*** Data segment ***

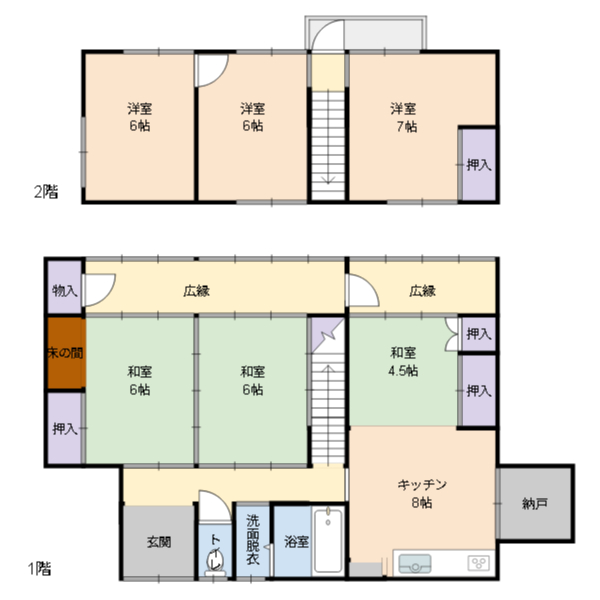 出雲市荻杼町 中古住宅｜北陽小学校近く・5LDK・駐車3台の間取り図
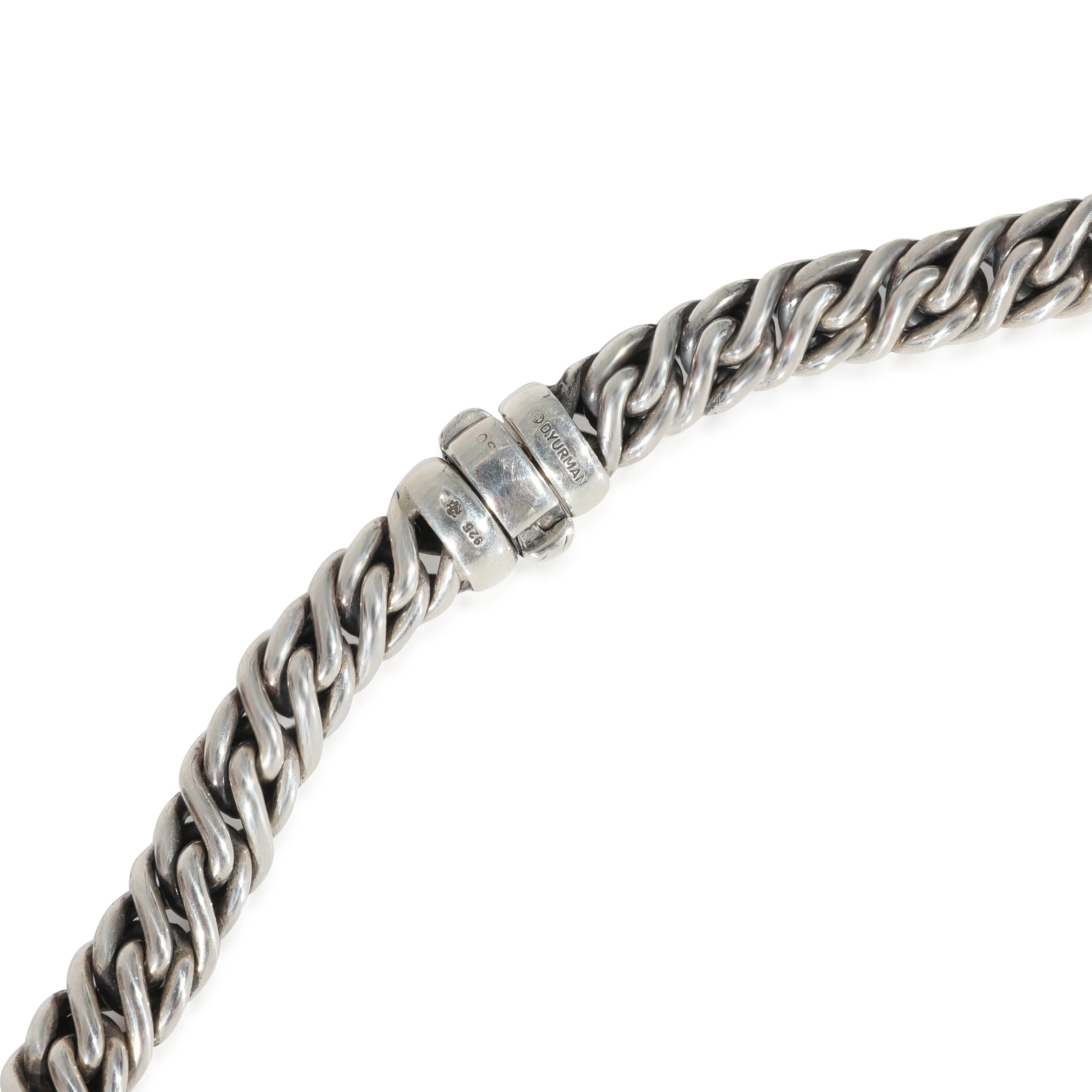 David Yurman Vintage Wheat Chain Diamond X Necklace in Sterling Silver 0.63 CTW - Image 4
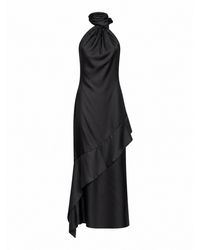 Mugler - Silk Twill Fluid Midi Scarf Dress - Lyst
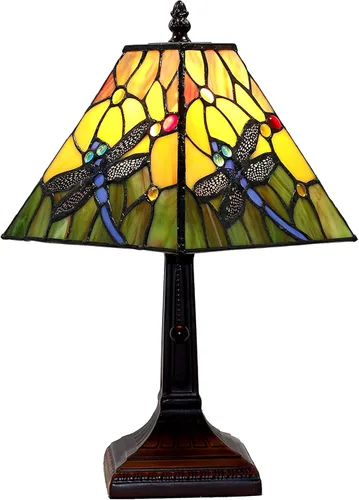 Amora Lámpara de mesa vintage Tiffany – Luz nocturna de mesa de libélula azul floral – Lámpara de mesa de noche de cristal amarillo y verde –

*** End of Data segment ***

> _Task item_
Write out the material above exactly. Skip the pictures.

> _Response area_
 出雲市荻杼町 中古住宅｜北陽小学校近く・5LDK・駐車3台の間取り図
 David Yurman Vintage Wheat Chain Diamond X Necklace in Sterling Silver 0.63 CTW - Image 4
 Mugler - Silk Twill Fluid Midi Scarf Dress - Lyst
 Amora Lámpara de mesa vintage Tiffany – Luz nocturna de mesa de libélula azul floral – Lámpara de mesa de noche de cristal amarillo y verde –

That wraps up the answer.